Thursday, September 23, 2010

There's No Place Like Home

Mt. Kineo on Moosehead Lake
View from the top of Mt. Kineo

After spending two weeks in the backwoods of Maine, the Rhode Island air felt heavy, smothering. The cars on every side of my parent’s Tacoma made me feel claustrophobic. Maine was light, airy and open, so different than this. I put my head back down in my makeshift bed in the backseat and thought of the majestic mountains, lakes, and rivers we were leaving behind. As my thoughts drifted, so did my consciousness, and I quickly fell back asleep.

I didn’t need to be able to see my surroundings to know that we were home. The crunch of the gravel under the tires, the old pothole, and the very tops of the trees that I could see while still lying down in the backseat told me so. Getting out of the car after six hours was not nearly as liberating as it should have been. Looking up at the sky, all I cared about were the millions of stars that were invisible to me now. Last night, they were all so close, so clear, so indescribable. Tonight, most of the stars were hiding from me.

Sighing, I grabbed what I could carry from the truck and made my way to the big front door of the brown colonial I had grown up in. I opened the door that was never locked and took a deep breath.
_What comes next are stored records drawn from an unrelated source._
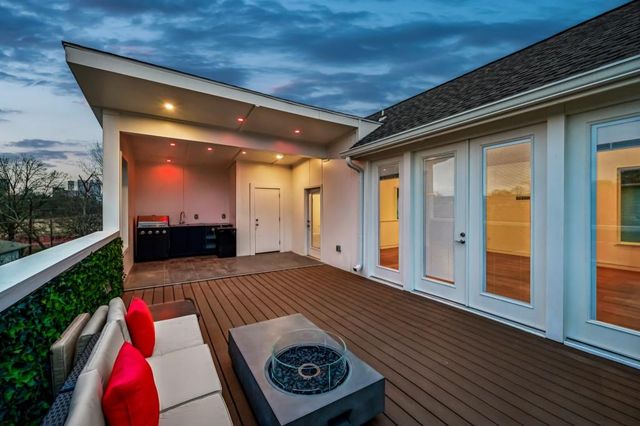 204 South SE Avenue, Atlanta, GA 30315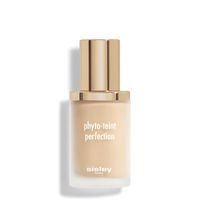sisley phyto-teint perfection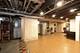 200 Fulton, West Chicago, IL 60185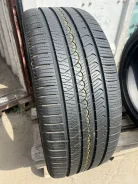 Pirelli Scorpion A/S
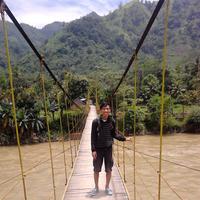 Acil (@mnasirp) 's Twitter Profile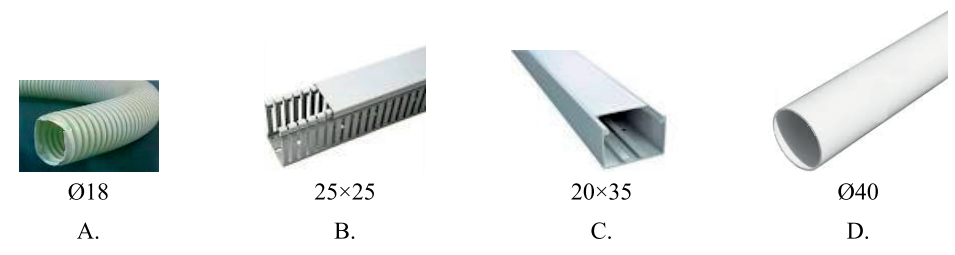 Ilustracja do pytania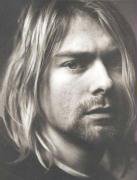 Cobain Rolling Stone Magazine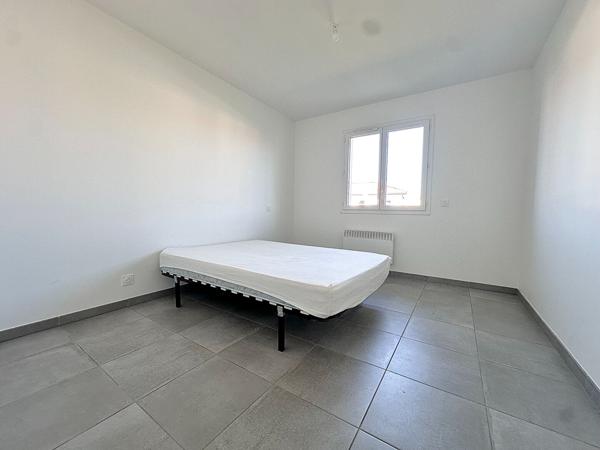 Vente
                Maison83 m² - 4 Pièces -
                    MIMIZAN (40200)
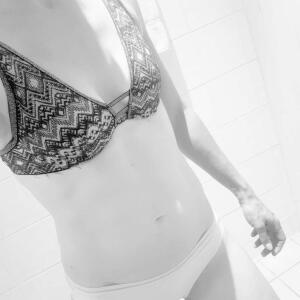 Vendetta_miamor MYM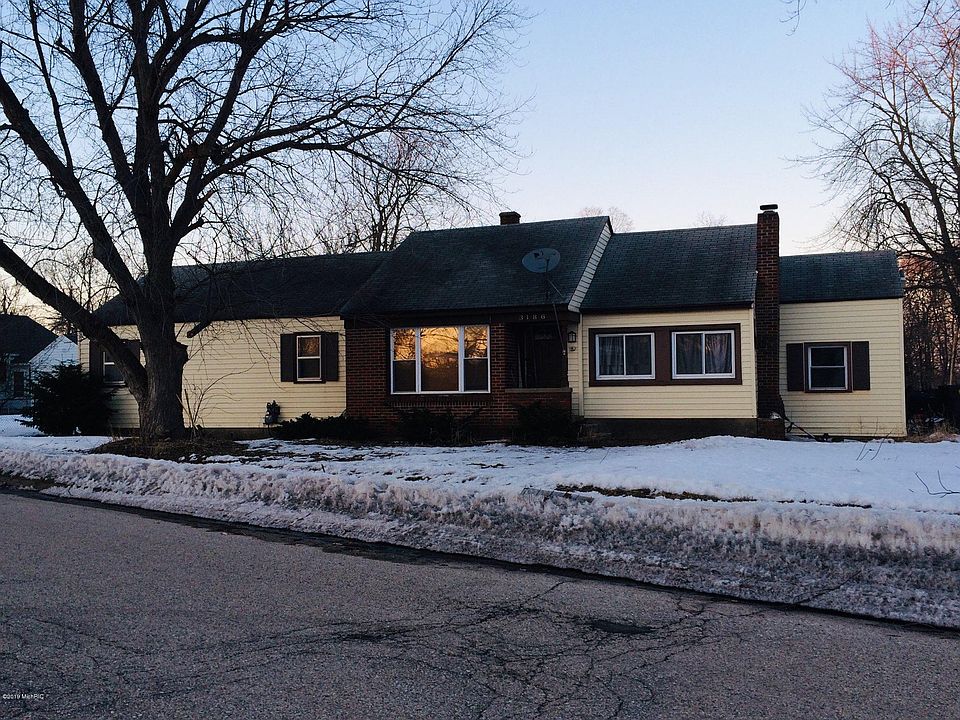 1st image of 3186 Charlesgate Ave SW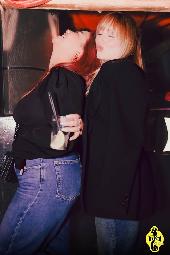 VIPERA - CULT TUESDAY - 30/12/2025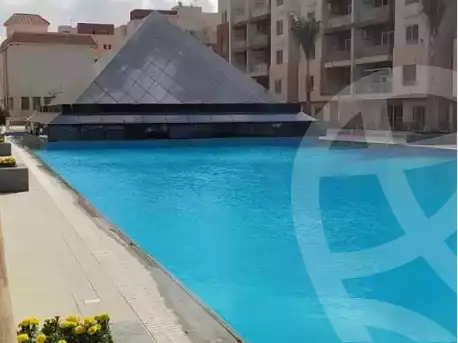 https://aqarmap.com.eg/en/listing/5752515-for-sale-cairo-new-cairo-compounds-brwmynd-ryzydns-wdy-djl-llttwyr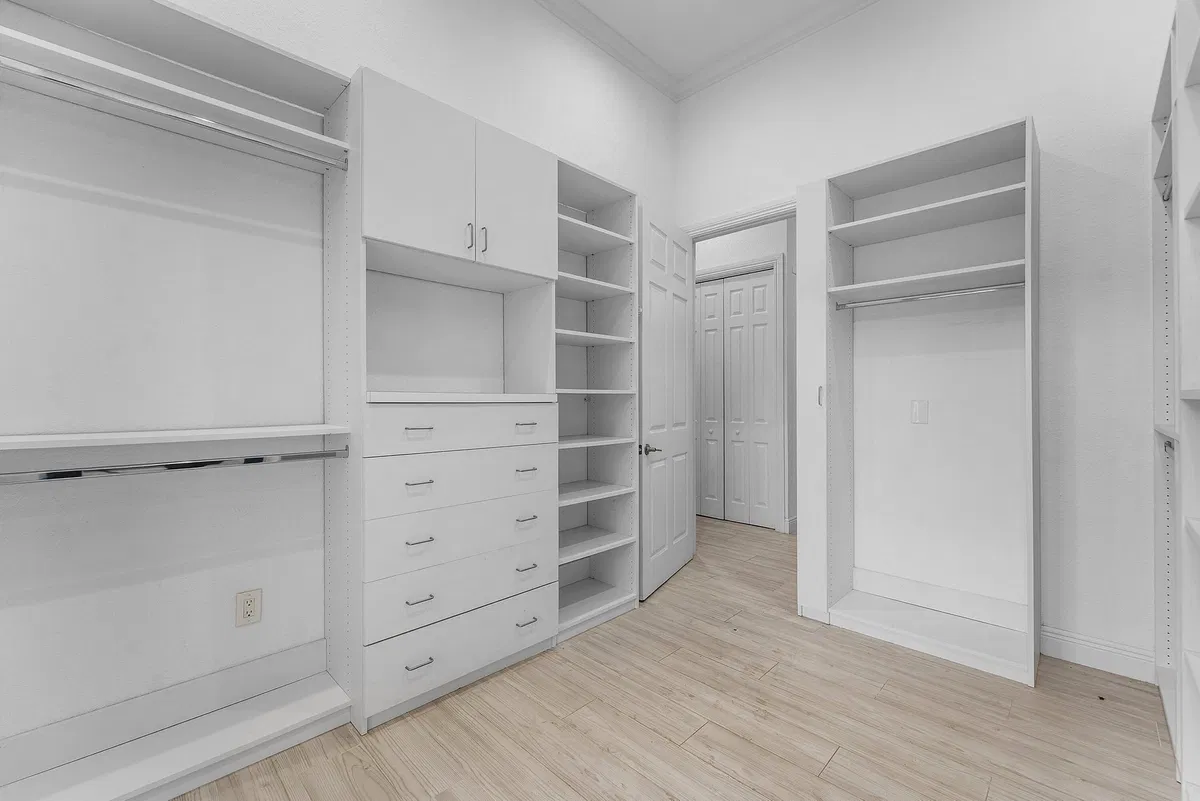 Residence photo 31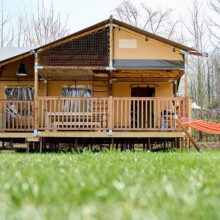 glamping-limburg-geuldal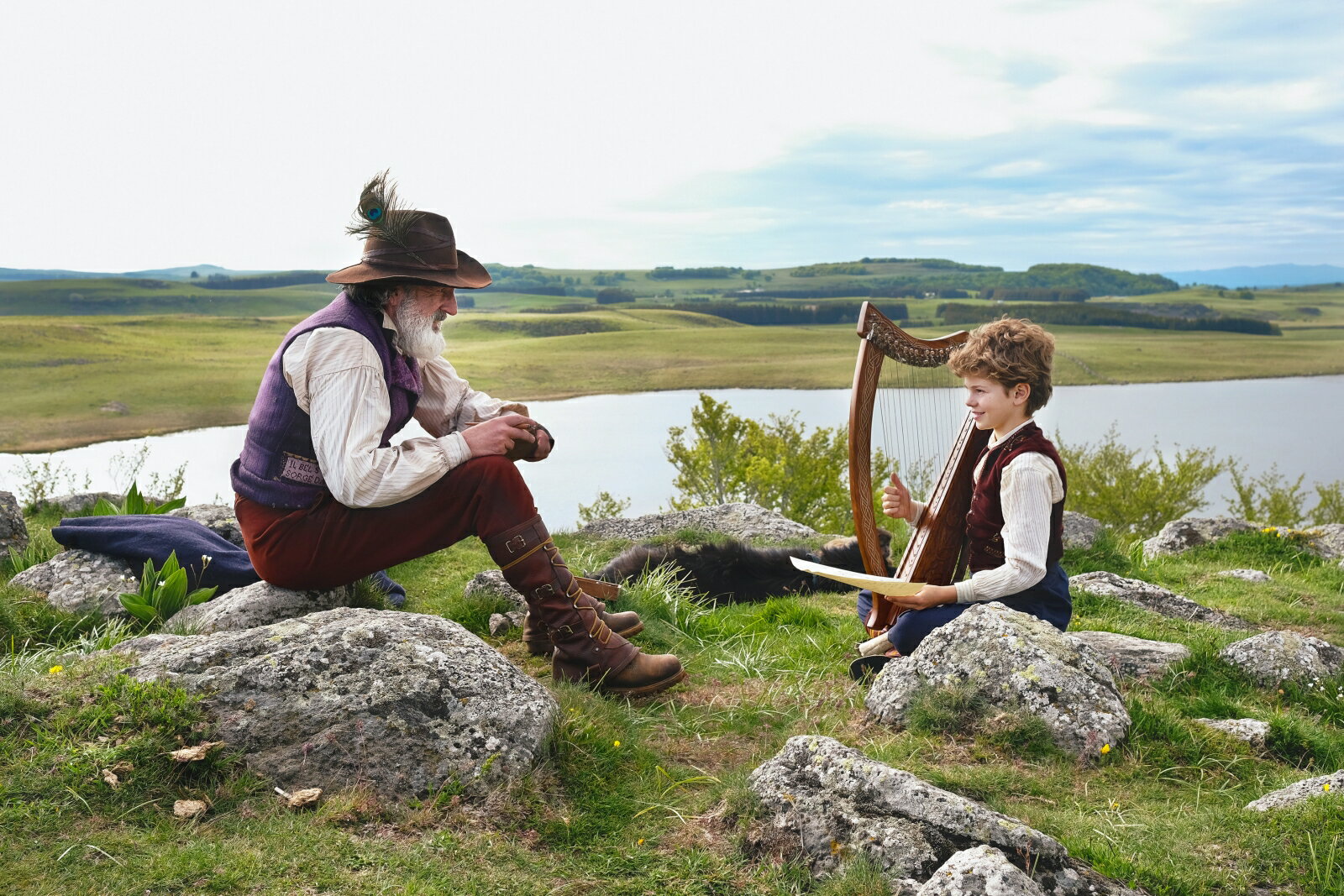 BD / AAA / AAA C.A.L After Party 2018(Blu-ray) (Blu-ray(スマプラ対応)) / AVXD-92806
No matter how much I thought I missed Maine, it was good to be home. The scent that greeted me at the door was enough to remind me of that. The smell of wood from my post and beam house, the lingering scent of our laundry, and scents I couldn’t even place- every smell welcomed me home. I walked through the thankfully level kitchen, such a nice change from the slanted floor of the cabin in Maine, and up the stairs to my bedroom. How nice it was to have a bedroom instead of one large, open room that functions as the living room, dining room, kitchen, and bedroom! I gratefully shut my bedroom door and plopped down into my full size bed, falling asleep as soon as my head hit my familiar old pillow. This time, the thoughts of Maine were fond memories, but they were not better than the reality of knowing I was home.